When you imagine your dream team, you think about the skills they will bring and the wins they can achieve. But how do you know they will even be able to cooperate on the pitch? Simple: Because the game has common rules and a common language.
When organisations from different countries want to cooperate with each other, their actions are guided by laws and policies that differ to a greater or lesser degree from each other. This in turn means that the systems and tools they need to investigate Child Sexual Abuse Material (CSAM) have largely been developed according to local laws and processes. Even if they are legally allowed to share CSAM data with their counterparts within and between countries, inferring useful information from it can be like comparing apples and pears.
Detecting, reporting, and removing public access to and investigating child sexual abuse material in order to identify victims of abuse are priority actions in the global fight against child sexual exploitation and abuse. To do that quickly, efficiently and effectively, law enforcement, hotlines and online service providers need common rules and a common language to describe what they are seeing. During several decades of exponential growth in the volume of CSAM circulating online, a diverse set of response systems, technologies and networks has evolved, including hashing algorithms, data models and international databases such as INTERPOL’s ICSE Database, that do facilitate important cooperation.
However, the response ecosystem has been consistently hampered by the lack of a common, globally compatible system that would make media categorised to criteria specific to one country understandable and potentially usable by another. This has real-world consequences for victims and survivors.
Not only is this type of translation important for investigation, but crucially, it can also pave the way for CSAM data to be shared between partners within and between sectors, where legally possible and necessary to do so. And the larger and more explainable the data set, the more effective the work to detect, remove and investigate CSAM. Having the ability to adapt one system into another also plays a role in aligning machine learning and artificial intelligence systems, which among other things can reduce duplication, increase the speed at which known and new material is flagged for human review, and help build the transparency about data sets that is increasingly a focus of discussion around the world.

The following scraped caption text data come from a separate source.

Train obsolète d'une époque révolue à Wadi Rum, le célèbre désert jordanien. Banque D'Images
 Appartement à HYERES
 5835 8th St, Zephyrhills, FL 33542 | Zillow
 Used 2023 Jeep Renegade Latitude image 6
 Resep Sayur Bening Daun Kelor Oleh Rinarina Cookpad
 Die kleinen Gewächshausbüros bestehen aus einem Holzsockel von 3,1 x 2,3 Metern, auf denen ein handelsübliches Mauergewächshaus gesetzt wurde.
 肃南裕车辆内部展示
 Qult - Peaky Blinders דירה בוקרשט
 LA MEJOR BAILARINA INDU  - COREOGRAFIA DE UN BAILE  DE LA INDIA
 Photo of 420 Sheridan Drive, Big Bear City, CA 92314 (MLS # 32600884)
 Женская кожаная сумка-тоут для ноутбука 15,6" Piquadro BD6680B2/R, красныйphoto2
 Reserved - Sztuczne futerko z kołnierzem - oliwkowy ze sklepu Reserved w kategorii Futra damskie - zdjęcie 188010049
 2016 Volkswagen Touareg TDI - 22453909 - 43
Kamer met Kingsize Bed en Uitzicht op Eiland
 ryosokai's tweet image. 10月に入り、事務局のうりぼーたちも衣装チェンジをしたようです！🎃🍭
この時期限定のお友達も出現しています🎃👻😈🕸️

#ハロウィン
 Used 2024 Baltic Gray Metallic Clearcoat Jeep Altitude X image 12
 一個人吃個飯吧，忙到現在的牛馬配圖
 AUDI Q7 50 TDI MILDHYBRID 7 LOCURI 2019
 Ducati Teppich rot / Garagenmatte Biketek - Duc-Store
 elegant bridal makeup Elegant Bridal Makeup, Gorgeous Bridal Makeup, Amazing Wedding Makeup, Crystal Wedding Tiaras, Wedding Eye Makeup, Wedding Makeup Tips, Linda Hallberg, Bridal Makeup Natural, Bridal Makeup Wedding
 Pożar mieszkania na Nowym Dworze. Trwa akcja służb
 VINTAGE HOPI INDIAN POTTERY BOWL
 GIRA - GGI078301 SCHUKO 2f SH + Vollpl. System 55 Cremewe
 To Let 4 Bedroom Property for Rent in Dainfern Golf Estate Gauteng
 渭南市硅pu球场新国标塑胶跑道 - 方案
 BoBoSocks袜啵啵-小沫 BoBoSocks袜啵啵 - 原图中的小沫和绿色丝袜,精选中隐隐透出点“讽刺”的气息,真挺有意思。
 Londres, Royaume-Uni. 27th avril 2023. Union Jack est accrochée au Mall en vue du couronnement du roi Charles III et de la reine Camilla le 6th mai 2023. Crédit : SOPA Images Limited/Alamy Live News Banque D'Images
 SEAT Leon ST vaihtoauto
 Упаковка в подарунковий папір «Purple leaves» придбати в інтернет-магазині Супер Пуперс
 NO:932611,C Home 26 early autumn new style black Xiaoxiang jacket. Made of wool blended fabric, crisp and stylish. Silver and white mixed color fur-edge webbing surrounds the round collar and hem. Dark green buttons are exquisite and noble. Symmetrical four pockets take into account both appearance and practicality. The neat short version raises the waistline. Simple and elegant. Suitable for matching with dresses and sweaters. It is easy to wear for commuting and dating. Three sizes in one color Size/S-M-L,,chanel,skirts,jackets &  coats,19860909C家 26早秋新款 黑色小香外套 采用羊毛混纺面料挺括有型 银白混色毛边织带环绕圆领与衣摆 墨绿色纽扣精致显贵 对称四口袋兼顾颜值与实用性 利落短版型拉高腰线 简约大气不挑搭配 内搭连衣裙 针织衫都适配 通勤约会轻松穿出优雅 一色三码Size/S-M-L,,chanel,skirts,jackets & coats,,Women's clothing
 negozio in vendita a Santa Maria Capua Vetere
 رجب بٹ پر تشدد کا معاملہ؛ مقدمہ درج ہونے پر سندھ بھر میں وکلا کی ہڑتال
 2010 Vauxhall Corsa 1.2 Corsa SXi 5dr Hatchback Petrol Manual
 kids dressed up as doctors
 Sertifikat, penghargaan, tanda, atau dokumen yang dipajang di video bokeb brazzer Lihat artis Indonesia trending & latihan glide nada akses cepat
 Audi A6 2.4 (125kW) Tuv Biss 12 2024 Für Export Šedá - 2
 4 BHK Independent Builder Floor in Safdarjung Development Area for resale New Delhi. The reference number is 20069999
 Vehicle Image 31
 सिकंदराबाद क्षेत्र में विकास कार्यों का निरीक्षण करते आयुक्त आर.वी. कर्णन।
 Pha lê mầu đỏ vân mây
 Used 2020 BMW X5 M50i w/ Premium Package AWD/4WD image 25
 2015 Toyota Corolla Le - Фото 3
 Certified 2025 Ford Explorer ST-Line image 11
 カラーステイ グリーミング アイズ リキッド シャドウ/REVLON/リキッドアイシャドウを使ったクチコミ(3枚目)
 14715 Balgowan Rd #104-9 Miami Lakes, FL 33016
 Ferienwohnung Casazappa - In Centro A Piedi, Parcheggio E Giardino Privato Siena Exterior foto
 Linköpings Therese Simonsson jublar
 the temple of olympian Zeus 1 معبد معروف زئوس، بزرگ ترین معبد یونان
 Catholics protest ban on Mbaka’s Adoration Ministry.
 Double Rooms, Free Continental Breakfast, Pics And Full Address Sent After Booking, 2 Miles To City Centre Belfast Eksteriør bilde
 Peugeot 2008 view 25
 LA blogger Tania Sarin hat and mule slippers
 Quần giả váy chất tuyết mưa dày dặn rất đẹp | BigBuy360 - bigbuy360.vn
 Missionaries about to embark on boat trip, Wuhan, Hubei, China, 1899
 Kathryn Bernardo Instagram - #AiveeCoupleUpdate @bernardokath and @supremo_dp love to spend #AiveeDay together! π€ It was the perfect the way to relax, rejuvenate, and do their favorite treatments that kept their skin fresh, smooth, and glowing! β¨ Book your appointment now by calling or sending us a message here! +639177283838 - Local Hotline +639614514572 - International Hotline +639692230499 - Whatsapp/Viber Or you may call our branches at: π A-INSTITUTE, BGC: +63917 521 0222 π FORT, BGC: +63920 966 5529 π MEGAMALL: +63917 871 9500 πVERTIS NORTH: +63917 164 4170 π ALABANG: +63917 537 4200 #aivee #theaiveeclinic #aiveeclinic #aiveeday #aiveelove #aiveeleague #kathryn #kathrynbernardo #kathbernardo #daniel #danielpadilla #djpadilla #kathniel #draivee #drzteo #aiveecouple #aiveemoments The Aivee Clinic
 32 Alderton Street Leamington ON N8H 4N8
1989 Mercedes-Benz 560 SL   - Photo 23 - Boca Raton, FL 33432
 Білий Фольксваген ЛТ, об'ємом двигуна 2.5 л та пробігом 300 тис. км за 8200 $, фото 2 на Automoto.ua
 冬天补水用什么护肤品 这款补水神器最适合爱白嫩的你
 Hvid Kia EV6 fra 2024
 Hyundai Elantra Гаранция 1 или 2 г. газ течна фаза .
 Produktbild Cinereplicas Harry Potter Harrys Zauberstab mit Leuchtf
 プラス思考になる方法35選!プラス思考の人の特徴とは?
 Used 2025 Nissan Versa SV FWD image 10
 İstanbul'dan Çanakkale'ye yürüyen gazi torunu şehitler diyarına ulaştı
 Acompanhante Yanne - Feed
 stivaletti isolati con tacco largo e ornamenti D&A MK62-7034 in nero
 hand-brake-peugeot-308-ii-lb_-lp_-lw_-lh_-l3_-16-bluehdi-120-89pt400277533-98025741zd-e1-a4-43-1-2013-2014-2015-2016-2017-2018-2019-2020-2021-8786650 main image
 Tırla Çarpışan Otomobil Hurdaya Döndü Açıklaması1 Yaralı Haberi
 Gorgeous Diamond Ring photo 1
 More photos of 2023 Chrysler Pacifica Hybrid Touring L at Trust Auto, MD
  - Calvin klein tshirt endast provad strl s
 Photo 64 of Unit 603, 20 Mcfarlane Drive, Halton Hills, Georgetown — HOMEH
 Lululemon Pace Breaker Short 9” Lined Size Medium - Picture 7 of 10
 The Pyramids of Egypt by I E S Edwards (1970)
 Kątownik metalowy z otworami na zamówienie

The Global Standard Project was developed to create that common, globally useable system. It is laying the foundations for international collaboration by developing a practical solution to the legislative differences that continue to limit CSAM-related data sharing. And why does this matter? Because the more we pool resources, speak a common language and work together, the faster we identify, safeguard and protect the dignity of victims and survivors of childhood sexual abuse.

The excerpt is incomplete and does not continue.